The main benefits to be accrued from this project are as follows:

 

  • For music students, the scores will be a valuable resource for learning the many different aspects of music theory and arranging techniques. The project encompasses a range of playing skills, mainly from intermediate to advanced levels, as the primary focus has been towards the secondary level of education. It is therefore hoped that some of the arrangements will be selected for the CXC Examinations, and also as test pieces for School Festivals.

  • Of the thirteen songs, twelve contain lyrics, which tell stories pertaining to some aspect of pan culture in Trinidad and Tobago. It is therefore possible to use the music as a resource in concert with the performing arts, thus adding yet another dimension to the programme. 

  • The global marketing thrust will be aimed principally at educational institutions. This should provide job opportunities outside of Trinidad and Tobago for participating steel orchestras and others involved in the local music industry. It is also anticipated that the project would encourage further documentation of indigenous musical arrangements, which are typically lost every year after the Carnival competitions.

  • Performers include a school band (SAGHS), bp Renegades Youth Orchestra, and a steel orchestra from Finland (Steel Pan Lovers). It is envisaged that future projects will involve more regional and international participation, with a view to creating an industry that could become a net foreign exchange earner.

  • Because short verse and chorus clips are included, one can distinguish and learn arranging techniques used for each song.

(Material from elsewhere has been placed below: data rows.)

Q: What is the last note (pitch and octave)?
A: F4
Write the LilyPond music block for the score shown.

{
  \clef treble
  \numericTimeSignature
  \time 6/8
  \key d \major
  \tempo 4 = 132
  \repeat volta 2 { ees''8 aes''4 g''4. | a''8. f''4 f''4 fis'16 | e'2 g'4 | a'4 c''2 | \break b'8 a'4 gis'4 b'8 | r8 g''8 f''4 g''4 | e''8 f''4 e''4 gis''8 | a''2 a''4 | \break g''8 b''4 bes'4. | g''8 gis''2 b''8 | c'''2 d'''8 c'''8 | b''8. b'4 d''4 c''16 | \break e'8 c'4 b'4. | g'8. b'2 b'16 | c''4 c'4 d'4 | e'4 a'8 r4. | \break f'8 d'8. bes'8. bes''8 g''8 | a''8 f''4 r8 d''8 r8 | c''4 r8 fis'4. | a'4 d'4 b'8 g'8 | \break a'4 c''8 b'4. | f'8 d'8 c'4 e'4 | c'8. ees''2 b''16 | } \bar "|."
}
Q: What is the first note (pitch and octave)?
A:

  • The programme offers an excellent opportunity for developing a sustainable music industry, starting in the classroom. Students who may not be academically inclined will be given an opportunity to develop and hone entrepreneurial skills.

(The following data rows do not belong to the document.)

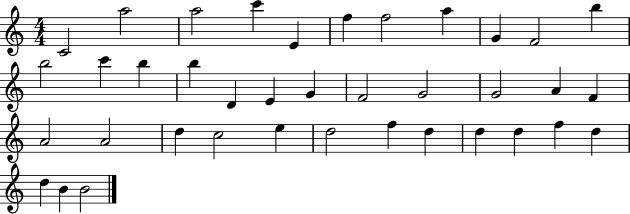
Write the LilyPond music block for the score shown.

{
  \clef treble
  \numericTimeSignature
  \time 4/4
  \key c \major
  c'2 a''2 | a''2 c'''4 e'4 | f''4 f''2 a''4 | g'4 f'2 b''4 | \break b''2 c'''4 b''4 | b''4 d'4 e'4 g'4 | f'2 g'2 | g'2 a'4 f'4 | \break a'2 a'2 | d''4 c''2 e''4 | d''2 f''4 d''4 | d''4 d''4 f''4 d''4 | \break d''4 b'4 b'2 | \bar "|."
}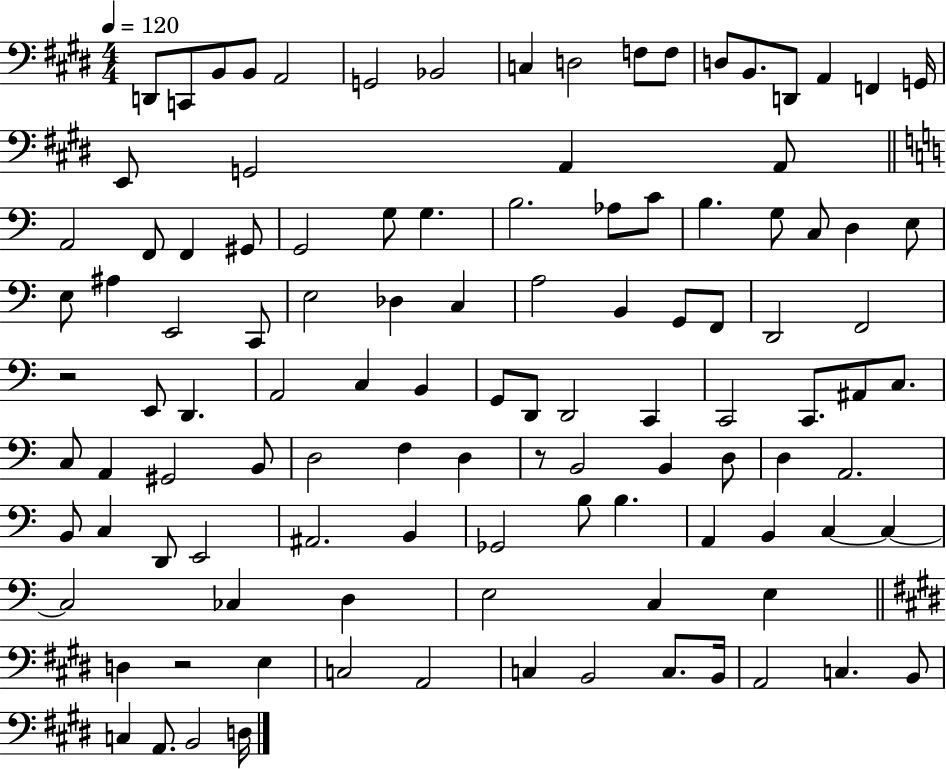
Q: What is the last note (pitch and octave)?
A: D3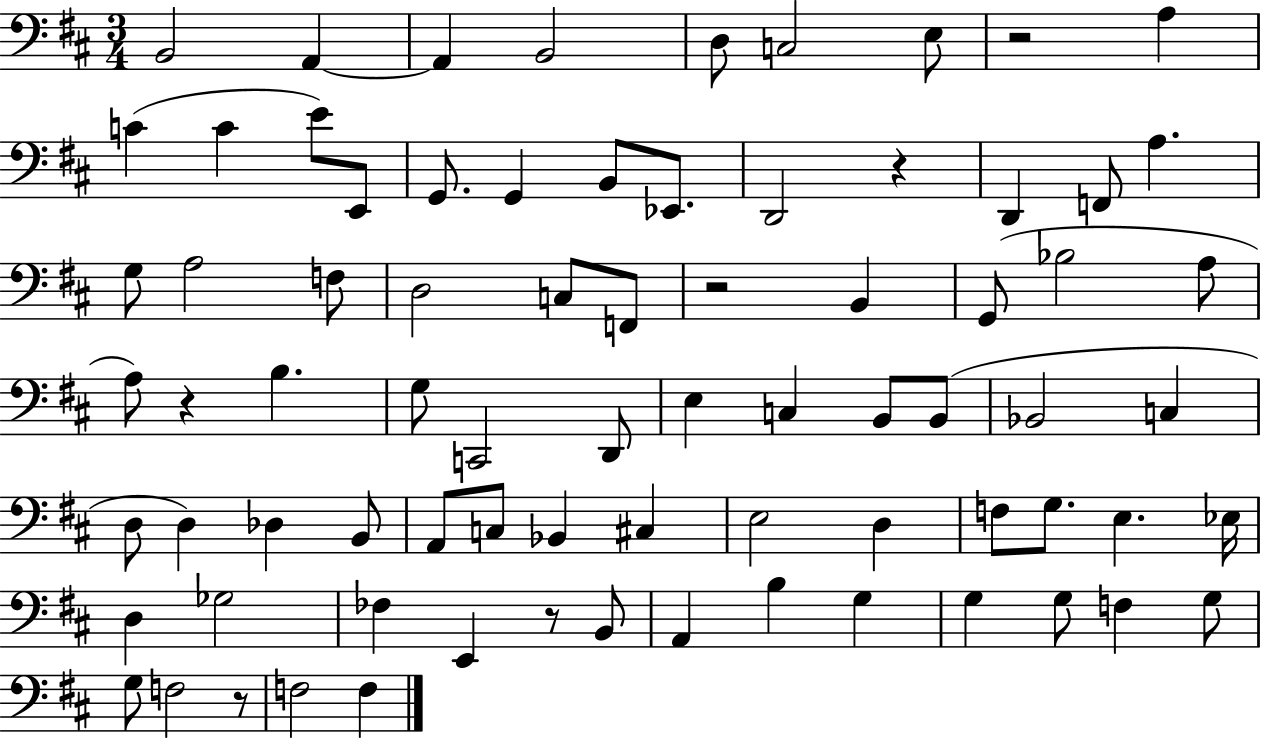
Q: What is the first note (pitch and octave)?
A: B2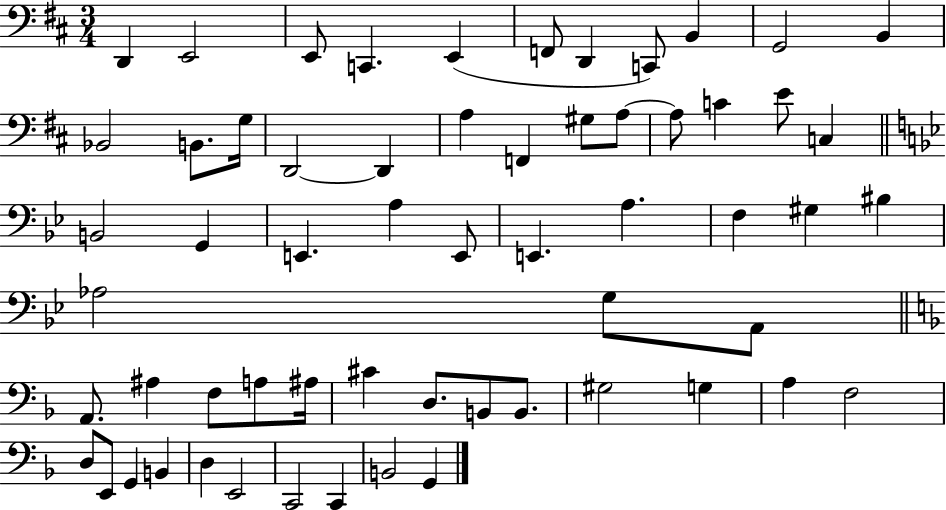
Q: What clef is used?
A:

  • The project seeks to outline a relationship between instruments of the conventional symphony orchestra and those of the steel orchestra. Using these guidelines, music teachers and arrangers will therefore be able to transpose scores written for one family of instruments to the other. This will in turn create numerous opportunities for cross-fertilisation of cultures through the availability of a larger, diversified universal repertoire to students.